Time has glossed over Abbott and Costello’s failures while sharpening the clarity of their successes. Gone are the memories that Abbott and Costello went through a rough few years where their movies were, by no means, received well by contemporary audiences (and still aren’t regarded warmly by today’s audiences). Absent from most peoples’ memories is the occasional bitter infighting that eventually led to the team breaking up, winding up financially broke as a result.

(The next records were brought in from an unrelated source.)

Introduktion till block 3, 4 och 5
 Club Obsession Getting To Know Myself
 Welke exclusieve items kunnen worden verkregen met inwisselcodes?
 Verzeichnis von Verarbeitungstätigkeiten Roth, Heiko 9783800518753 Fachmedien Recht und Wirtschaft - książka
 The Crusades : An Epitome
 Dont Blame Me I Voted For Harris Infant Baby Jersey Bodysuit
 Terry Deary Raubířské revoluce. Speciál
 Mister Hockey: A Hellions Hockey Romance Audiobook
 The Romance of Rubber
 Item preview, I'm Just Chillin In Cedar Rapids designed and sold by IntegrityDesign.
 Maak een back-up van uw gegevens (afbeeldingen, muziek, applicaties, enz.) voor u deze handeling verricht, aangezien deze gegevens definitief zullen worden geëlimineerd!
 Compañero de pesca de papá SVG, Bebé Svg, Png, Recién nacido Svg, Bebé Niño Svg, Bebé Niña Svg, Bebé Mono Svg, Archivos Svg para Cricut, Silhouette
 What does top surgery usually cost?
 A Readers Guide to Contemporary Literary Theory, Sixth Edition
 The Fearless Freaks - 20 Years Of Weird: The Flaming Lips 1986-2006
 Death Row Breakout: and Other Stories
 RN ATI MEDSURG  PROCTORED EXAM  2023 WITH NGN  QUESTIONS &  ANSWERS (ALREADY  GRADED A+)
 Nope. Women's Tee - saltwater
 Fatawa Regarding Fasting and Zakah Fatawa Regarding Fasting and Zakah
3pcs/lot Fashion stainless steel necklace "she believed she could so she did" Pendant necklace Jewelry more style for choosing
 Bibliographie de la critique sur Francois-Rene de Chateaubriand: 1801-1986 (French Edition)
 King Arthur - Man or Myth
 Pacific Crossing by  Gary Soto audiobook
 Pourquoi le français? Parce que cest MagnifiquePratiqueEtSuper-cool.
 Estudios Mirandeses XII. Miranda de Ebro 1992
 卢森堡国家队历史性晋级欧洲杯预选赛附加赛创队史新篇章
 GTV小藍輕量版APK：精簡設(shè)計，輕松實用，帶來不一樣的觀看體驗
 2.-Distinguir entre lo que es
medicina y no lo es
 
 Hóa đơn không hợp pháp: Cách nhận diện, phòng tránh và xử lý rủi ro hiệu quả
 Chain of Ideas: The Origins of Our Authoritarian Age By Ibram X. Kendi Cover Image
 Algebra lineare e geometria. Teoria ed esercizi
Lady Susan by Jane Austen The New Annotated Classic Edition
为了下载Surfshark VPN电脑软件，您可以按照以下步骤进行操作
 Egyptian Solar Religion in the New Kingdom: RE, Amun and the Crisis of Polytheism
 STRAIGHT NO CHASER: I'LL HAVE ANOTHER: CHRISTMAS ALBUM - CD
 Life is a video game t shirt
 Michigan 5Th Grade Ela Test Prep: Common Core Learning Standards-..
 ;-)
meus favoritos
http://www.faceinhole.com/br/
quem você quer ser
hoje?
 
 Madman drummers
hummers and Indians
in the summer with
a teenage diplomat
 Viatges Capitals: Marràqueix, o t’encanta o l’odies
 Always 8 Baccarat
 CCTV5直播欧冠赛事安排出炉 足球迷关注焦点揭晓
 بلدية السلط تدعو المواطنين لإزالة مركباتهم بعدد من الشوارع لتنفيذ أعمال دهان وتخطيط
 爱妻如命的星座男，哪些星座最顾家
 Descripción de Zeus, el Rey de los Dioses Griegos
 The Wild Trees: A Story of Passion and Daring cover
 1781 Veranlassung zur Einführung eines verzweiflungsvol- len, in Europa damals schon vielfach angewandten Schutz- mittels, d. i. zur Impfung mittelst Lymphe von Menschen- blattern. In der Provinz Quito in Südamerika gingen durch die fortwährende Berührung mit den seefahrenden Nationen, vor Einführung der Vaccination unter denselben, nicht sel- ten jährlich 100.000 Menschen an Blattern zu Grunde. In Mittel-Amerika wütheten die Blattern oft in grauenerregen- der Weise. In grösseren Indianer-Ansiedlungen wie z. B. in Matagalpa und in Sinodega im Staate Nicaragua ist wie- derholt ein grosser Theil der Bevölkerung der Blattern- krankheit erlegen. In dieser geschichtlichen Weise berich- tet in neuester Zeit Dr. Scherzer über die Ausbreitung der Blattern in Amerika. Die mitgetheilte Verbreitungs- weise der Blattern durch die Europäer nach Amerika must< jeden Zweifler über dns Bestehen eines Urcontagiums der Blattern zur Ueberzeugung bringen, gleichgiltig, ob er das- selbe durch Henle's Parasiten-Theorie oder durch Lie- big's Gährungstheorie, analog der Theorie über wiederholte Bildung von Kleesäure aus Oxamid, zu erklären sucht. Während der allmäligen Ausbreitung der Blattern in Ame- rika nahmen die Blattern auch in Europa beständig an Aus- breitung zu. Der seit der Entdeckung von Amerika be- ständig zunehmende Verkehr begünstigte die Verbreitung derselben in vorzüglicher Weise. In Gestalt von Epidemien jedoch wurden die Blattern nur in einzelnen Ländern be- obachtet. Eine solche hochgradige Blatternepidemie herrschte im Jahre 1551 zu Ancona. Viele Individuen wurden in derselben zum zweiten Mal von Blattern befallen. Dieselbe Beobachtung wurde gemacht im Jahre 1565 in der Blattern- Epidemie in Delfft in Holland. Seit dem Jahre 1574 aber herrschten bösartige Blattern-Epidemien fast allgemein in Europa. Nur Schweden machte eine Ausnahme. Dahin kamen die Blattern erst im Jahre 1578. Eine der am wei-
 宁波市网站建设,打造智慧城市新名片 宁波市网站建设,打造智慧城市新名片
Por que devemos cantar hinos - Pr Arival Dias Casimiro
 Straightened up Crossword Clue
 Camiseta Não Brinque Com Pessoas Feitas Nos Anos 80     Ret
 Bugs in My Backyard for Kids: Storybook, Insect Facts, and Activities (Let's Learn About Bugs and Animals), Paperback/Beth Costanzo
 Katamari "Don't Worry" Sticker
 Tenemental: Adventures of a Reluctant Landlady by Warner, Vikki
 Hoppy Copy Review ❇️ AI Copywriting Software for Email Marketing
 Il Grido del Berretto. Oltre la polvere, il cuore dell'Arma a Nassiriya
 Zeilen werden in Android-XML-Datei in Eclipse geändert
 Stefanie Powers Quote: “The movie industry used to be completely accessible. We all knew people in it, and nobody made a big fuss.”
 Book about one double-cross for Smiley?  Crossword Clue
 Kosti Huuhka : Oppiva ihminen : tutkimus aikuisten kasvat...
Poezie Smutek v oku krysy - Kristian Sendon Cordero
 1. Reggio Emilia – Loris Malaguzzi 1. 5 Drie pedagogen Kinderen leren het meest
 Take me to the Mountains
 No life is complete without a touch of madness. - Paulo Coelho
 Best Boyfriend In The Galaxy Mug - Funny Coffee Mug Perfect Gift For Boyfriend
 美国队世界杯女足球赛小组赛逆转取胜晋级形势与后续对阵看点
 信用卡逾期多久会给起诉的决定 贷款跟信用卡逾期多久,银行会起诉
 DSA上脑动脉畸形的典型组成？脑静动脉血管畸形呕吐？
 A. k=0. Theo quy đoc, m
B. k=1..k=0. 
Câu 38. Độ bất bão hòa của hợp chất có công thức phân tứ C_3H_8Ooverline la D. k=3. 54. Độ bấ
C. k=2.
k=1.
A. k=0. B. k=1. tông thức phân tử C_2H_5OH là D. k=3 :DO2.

One aspect of Abbott and Costello’s success never seems fully appreciated; That they were far more successful with some directors then with others.

Sometimes, a great team needs an equally great leader in order to succeed. In this case, gone from “Paul” is the director and writer of the previous two films, Edgar Wright. The loss could not be more stark – Yes, there are jokes in “Paul” and some of them are funny. Yes, the acting is OK. Yes, there is a story. Yet it is hard not to see that “Paul” is a story with jokes and not the comedic stories that “Hot Fuzz” and “Shaun of the Dead” are. In a movie about pop culture references, perhaps Pegg & Frost buried perhaps their best joke yet; That “Paul” is their “Return of the Jedi” movie – OK, but not anywhere near the classic that the previous two were. Think about it… Both movies have Ewoks in them. Coincidence? I think not.